In the first part of the talk, I will show results analyzing large batch size training through the lens of the Hessian operator. The results rule out some of the common theories regarding large batch size training, such as problems with saddle points. In the second part, I will present our results on a novel Hessian based method in combination with robust optimization, that avoids many of the issues with first order methods such as stochastic gradient descent for large scale training.
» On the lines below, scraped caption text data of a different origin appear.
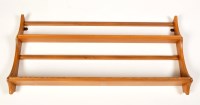 Lot 95 - An Ercol elm plate rack, 37 1/2in. wide.
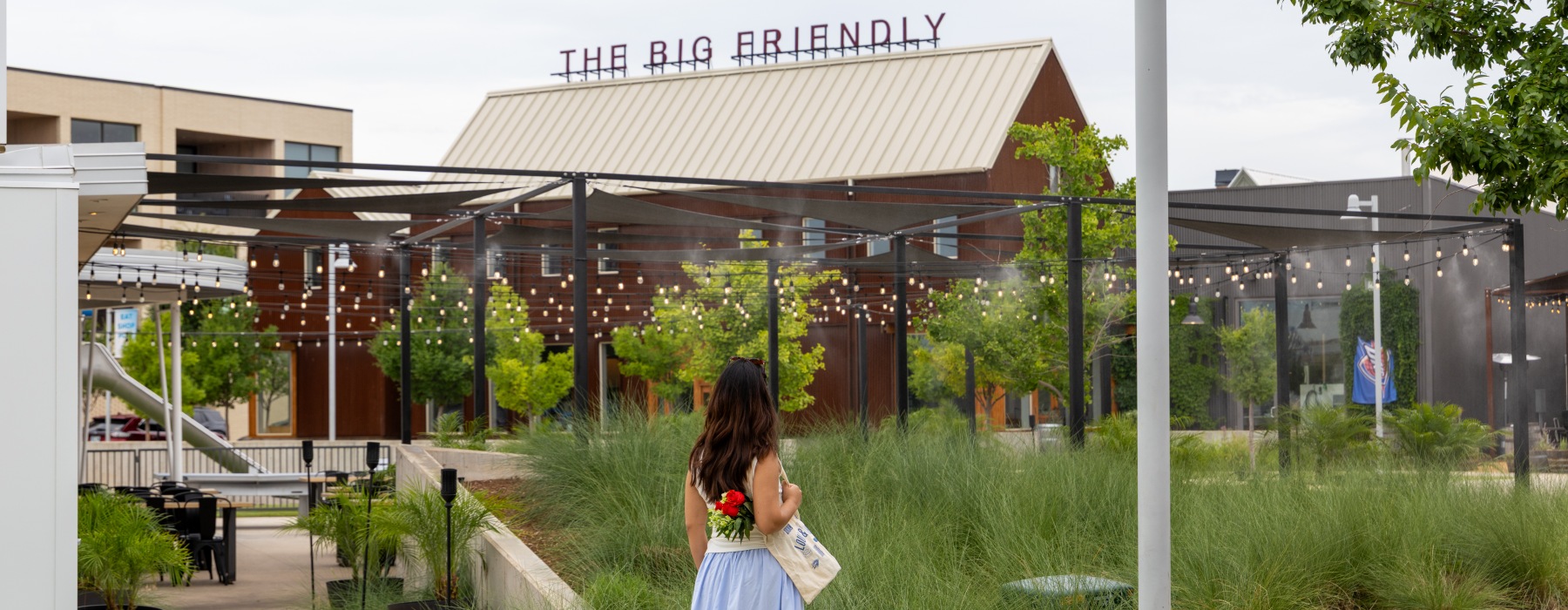 a person walking with flowers 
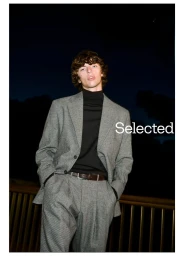 Man wearing a grey suit jacket and trousers with a black turtleneck standing outdoors at night.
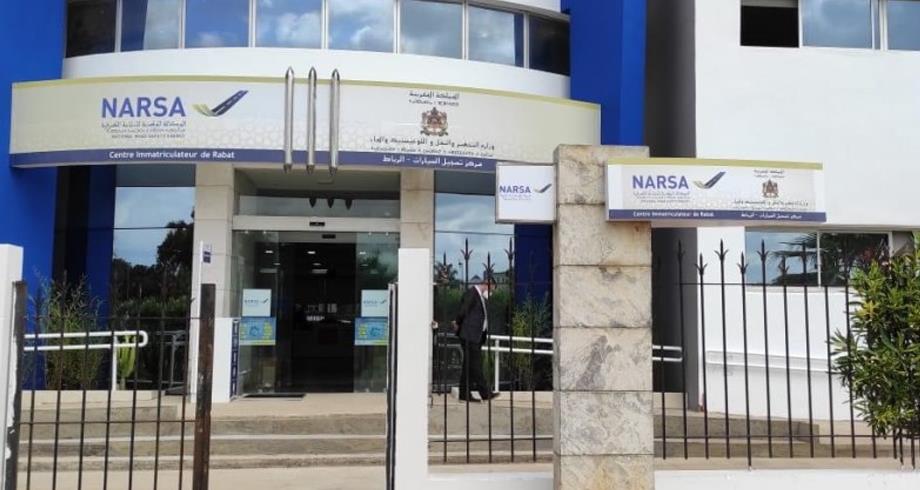 Entrance to a NARSA center in Rabat with blue and white facade, glass doors, and signs reading NARSA and Centre Immatriculateur de Rabat outside.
Hessian-based Analysis of Large Batch Training and Robustness to Adversaries
February 22, 2018 | arxiv.org
Zhewei Yao, Amir Gholami, Qi Lei, Kurt Keutzer, Michael W. Mahoney
Large batch size training of neural networks with adversarial training and second-order information
October 2, 2018 | arXiv.org
Zhewei Yao, Amir Gholami, Kurt Keutzer, Michael Mahoney
Amir Gholami was a BIDS/FODA Data Science Fellow in 2018-2019, working as a postdoctoral research fellow in Berkeley AI Research Lab working under supervision of Prof. Kurt Keutzer. He received his PhD in Computational Science and Engineering Mathematics from UT Austin, working with Prof. George Biros on bio-physics based image analysis, a research topic which recieved UT Austin’s best doctoral dissertation award in 2018. Amir has extensive experience in second-order optimization methods, image registration, inverse problems, and large scale parallel computing, developing codes that have been scaled up to 200K cores. He is a Melosh Medal finalist, recipient of best student paper award in SC'17, Gold Medal in the ACM Student Research Competition, as well as best student paper finalist in SC’14. His current research includes large scale training of Neural Networks, stochastic second-order optimization methods, and robust optimization.